Work required: Provide an exact copy of the lines from the beginning of the records through the line that includes "406 Hunt Club Dr, Saint Charles, IL 60174", and of no others.

Information shown:
* * *
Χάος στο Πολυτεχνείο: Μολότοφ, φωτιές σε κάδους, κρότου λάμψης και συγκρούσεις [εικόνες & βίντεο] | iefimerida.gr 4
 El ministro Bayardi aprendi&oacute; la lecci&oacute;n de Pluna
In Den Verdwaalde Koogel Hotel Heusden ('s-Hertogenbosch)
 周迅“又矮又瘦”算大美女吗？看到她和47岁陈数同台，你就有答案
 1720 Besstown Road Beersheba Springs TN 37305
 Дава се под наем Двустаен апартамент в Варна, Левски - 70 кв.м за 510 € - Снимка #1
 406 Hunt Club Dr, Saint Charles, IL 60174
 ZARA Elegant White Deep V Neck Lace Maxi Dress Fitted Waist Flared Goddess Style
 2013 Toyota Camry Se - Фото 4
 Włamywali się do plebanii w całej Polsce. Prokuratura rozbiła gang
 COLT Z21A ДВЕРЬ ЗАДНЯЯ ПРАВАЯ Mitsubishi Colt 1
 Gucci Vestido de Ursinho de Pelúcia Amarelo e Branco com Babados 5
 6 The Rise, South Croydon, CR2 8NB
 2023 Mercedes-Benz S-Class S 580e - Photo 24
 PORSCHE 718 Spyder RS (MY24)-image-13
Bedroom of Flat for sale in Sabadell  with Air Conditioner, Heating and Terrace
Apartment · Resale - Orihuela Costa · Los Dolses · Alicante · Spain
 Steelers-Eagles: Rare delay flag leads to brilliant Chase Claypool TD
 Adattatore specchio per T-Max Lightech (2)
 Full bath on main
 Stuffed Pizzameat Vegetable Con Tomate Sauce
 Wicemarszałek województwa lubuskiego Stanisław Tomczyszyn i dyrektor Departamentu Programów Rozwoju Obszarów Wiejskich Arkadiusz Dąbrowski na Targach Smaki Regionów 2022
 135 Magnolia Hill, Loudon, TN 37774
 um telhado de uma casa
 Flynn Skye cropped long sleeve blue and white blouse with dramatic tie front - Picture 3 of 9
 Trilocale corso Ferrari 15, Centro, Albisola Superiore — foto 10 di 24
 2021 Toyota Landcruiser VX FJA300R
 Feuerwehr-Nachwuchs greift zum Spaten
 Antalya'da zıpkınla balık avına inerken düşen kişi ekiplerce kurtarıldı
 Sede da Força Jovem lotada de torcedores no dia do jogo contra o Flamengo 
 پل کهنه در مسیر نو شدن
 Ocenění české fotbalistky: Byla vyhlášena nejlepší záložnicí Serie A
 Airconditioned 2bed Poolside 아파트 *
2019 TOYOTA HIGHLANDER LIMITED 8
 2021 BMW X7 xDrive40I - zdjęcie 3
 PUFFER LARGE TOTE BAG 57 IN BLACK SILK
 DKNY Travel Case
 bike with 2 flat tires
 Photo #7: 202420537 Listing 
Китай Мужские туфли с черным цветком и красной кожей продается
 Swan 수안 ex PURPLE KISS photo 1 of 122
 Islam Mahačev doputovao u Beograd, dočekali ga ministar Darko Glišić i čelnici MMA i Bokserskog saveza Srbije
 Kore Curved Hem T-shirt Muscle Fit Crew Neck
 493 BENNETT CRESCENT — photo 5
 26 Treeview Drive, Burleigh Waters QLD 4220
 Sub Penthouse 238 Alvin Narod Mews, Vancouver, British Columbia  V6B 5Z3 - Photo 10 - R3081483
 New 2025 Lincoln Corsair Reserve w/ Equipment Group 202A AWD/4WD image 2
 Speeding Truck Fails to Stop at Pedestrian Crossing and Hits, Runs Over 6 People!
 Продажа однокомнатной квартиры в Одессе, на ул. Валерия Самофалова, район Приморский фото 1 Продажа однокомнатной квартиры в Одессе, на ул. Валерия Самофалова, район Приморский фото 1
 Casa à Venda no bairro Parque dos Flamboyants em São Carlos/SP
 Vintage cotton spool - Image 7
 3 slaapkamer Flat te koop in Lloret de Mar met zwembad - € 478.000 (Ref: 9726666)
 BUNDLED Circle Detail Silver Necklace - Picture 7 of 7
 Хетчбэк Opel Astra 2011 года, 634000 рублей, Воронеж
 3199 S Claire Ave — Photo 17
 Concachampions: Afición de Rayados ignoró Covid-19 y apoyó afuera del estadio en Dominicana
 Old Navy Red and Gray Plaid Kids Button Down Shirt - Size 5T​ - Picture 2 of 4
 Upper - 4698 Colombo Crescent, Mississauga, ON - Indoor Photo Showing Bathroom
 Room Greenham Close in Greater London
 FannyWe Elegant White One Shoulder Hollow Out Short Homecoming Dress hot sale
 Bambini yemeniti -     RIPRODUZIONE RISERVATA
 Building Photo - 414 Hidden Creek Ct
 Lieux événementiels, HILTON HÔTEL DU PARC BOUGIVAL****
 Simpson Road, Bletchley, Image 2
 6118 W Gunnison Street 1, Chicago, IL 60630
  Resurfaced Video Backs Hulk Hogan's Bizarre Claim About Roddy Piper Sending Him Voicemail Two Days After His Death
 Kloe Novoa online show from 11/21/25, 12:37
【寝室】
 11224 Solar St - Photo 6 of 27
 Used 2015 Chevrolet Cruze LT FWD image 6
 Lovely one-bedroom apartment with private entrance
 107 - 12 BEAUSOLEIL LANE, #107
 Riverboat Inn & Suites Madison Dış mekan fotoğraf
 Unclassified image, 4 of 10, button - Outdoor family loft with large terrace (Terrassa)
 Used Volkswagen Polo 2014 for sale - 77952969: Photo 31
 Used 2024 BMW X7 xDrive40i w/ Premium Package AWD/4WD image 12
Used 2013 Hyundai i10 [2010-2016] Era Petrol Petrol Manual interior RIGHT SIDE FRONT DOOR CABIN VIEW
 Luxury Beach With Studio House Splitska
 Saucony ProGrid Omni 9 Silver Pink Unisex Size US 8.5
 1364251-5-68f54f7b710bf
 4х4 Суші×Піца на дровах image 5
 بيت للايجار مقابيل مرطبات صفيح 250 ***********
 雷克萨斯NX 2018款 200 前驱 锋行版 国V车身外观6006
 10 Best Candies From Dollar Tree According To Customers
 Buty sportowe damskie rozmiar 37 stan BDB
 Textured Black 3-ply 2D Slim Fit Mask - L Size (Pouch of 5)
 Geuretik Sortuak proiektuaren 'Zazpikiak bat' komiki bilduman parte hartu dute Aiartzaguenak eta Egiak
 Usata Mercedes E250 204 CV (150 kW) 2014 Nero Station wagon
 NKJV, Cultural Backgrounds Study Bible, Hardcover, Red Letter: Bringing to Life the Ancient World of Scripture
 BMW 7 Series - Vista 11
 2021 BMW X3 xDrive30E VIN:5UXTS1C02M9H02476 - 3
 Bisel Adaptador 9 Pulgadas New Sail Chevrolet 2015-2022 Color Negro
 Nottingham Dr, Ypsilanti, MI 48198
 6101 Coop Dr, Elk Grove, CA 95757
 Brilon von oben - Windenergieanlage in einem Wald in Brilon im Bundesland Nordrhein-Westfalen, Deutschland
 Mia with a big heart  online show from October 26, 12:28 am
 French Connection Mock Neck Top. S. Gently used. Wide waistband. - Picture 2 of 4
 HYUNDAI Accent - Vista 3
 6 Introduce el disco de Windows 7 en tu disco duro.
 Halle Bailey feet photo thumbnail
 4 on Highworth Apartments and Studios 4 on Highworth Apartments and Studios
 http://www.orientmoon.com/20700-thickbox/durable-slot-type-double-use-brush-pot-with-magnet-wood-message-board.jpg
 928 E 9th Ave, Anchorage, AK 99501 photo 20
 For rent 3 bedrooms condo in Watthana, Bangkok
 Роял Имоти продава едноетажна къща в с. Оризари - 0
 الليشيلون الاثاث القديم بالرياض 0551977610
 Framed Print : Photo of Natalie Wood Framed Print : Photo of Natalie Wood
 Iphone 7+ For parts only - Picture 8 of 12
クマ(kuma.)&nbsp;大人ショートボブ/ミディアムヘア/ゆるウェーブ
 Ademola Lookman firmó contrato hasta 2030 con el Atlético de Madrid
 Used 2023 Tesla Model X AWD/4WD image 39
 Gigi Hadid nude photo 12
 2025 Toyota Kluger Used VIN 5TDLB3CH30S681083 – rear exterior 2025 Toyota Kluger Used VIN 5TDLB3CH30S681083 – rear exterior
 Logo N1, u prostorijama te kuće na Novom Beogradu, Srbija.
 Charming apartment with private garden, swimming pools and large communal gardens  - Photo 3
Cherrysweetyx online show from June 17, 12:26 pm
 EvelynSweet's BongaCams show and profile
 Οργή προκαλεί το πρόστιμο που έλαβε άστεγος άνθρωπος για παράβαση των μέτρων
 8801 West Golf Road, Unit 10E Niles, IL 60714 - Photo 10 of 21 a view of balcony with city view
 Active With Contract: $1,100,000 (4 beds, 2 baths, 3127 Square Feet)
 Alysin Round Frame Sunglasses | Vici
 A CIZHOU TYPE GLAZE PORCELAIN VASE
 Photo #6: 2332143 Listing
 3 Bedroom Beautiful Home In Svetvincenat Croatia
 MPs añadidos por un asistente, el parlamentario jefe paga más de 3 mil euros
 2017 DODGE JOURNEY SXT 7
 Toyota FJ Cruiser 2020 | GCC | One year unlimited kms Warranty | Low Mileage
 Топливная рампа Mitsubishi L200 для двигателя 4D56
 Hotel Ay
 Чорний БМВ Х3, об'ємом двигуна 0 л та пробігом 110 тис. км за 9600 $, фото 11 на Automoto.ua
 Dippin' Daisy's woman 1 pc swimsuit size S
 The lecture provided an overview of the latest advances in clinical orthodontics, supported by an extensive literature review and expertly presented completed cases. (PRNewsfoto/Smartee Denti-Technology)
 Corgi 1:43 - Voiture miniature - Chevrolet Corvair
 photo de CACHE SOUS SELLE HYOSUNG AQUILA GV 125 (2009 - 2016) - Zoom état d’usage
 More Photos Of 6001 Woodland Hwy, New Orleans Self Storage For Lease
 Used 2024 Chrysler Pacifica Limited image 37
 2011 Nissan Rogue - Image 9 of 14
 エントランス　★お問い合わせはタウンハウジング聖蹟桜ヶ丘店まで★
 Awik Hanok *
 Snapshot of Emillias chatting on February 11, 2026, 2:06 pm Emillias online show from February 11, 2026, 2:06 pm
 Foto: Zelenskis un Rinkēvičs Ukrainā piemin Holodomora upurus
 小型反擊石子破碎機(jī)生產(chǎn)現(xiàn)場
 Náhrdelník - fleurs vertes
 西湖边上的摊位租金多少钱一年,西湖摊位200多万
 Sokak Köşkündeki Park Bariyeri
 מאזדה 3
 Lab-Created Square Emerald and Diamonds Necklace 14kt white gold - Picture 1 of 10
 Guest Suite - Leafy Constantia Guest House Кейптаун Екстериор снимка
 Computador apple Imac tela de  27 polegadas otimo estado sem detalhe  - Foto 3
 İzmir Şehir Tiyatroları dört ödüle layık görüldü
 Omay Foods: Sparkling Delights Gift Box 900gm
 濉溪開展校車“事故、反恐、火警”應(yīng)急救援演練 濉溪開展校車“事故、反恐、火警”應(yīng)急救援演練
* * *
Completed task:
Χάος στο Πολυτεχνείο: Μολότοφ, φωτιές σε κάδους, κρότου λάμψης και συγκρούσεις [εικόνες & βίντεο] | iefimerida.gr 4
 El ministro Bayardi aprendi&oacute; la lecci&oacute;n de Pluna
In Den Verdwaalde Koogel Hotel Heusden ('s-Hertogenbosch)
 周迅“又矮又瘦”算大美女吗？看到她和47岁陈数同台，你就有答案
 1720 Besstown Road Beersheba Springs TN 37305
 Дава се под наем Двустаен апартамент в Варна, Левски - 70 кв.м за 510 € - Снимка #1
 406 Hunt Club Dr, Saint Charles, IL 60174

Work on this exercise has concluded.